In 1992, the Maastricht Treaty committed the European Union to adopting a single currency, the euro. The most immediate precursor to the euro in existence then was the Exchange Rate Mechanism (ERM) which pegged several European currencies to each other, creating a system of fixed exchange rates. The ERM was established in 1979 and disintegrated in the 1990s under market pressure and runs on the British pound and the Italian lira. However, Europe’s modern currency union does have even older historic precedent.
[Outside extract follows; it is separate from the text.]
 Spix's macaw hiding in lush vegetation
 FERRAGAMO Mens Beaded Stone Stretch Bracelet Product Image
           In the late 19th century, several European countries agreed to fix their currencies to a common monetary standard based on both gold and silver. Called the Latin Monetary Union (LMU), it lasted for half a century but like currency unions since, it had its problems. It was no doubt a very different kind of institution, but given the troubles faced by the Eurozone in this decade, the failures of the LMU echo today.

Coinage in 1800s Europe

           During the era of the Latin Monetary Union, currencies in Europe operated very differently than those of today. Not only were coins, and by extension money in general, backed by precious metals like gold and silver, but coins were minted on demand. In many countries, anyone could bring gold and/or silver to a mint to be struck into coins. The value of the coins that person would get in exchange for his precious metals would be determined by a specified ratio. Thus, rather than having public authorities decide how many coins to mint, the market decided. By enabling convertibility, this system of “free coinage” helped maintain the link between the coins and the precious metals backing it.

           Obviously, any currency backed by precious metals is bound to be impacted by changes in their availability. Following gold discoveries in the 1840s in the United States and Australia, world silver prices rose relative to gold, which was cheapened by the increased production. Thus, to maintain the values of their currency in terms of gold, nations using silver coins adjusted their weight or purity accordingly. 
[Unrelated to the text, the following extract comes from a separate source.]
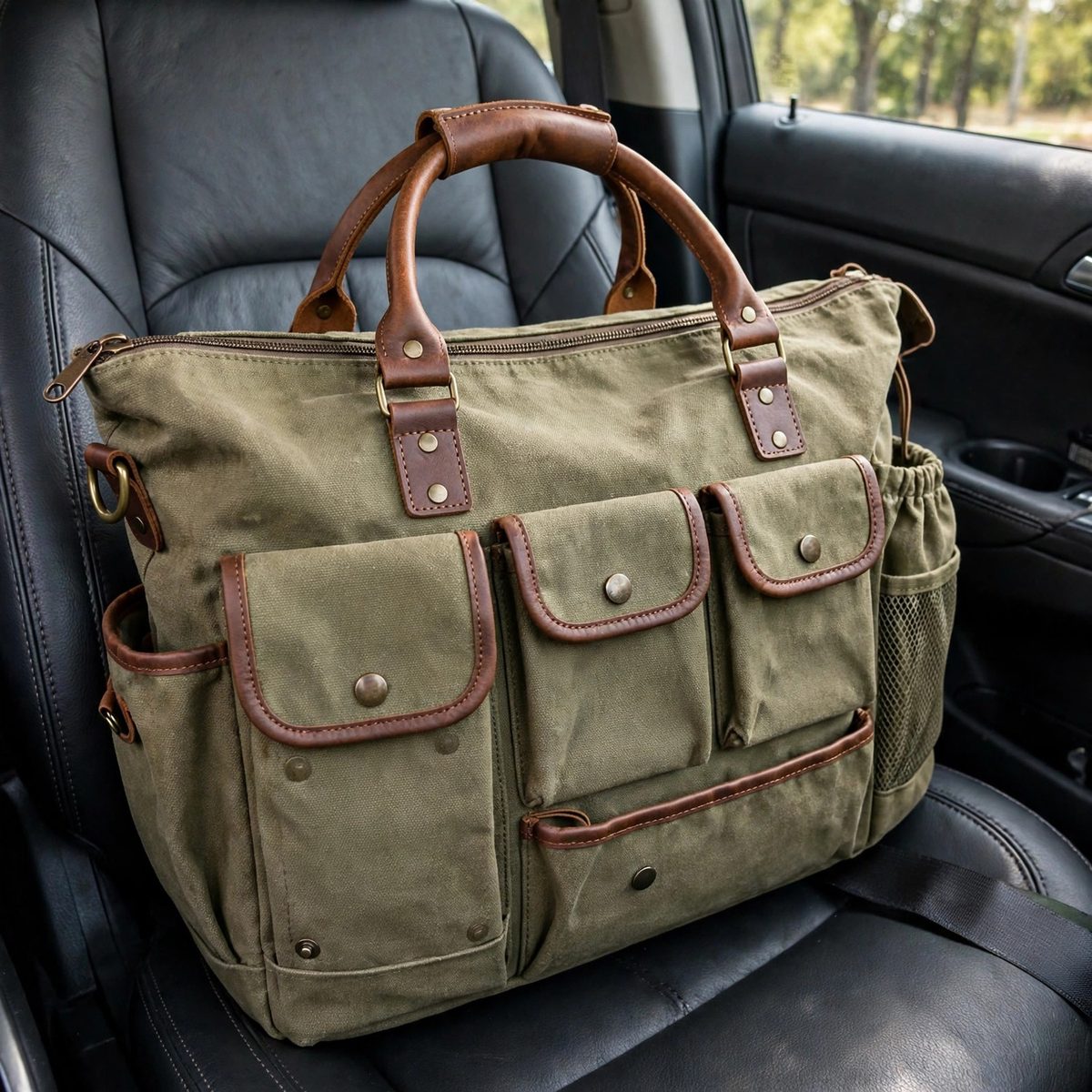 TrekTails Pet Travel Organizer Tote, Olive — view 5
           For example, following the California Gold Rush, American silver coins increased in value relative to gold and as a result were exported and melted for their metal until the US reduced the amount of silver in its coins in the early 1850s. Other countries, like Switzerland, also responded to the same global phenomenon by decreasing the purity of its coins. The result was that nations had different coins with different fineness or purity which changed often as gold and silver values fluctuated; this limited commerce by complicating currency convertibility and payments. In Western Europe, the LMU was designed to resolve this problem and the issues associated with nations devaluing their currencies by reducing their purity, as Switzerland had. The solution was a system of fixed exchange rates, an approach that would return over a century later.

Latin Monetary Union

           In late 1865, a conference gathered representatives from France, Belgium, Italy, and Switzerland and led to an agreement to form the LMU, effective August 1866. The agreement sought to reduce the impediments to international trade and finance between these countries by making each member’s currency legal tender in the union. This meant that coins minted in Belgium could be used to repay a loan to an Italian bank. Currency could thus move and be used freely between countries; in theory easing international commerce and finance.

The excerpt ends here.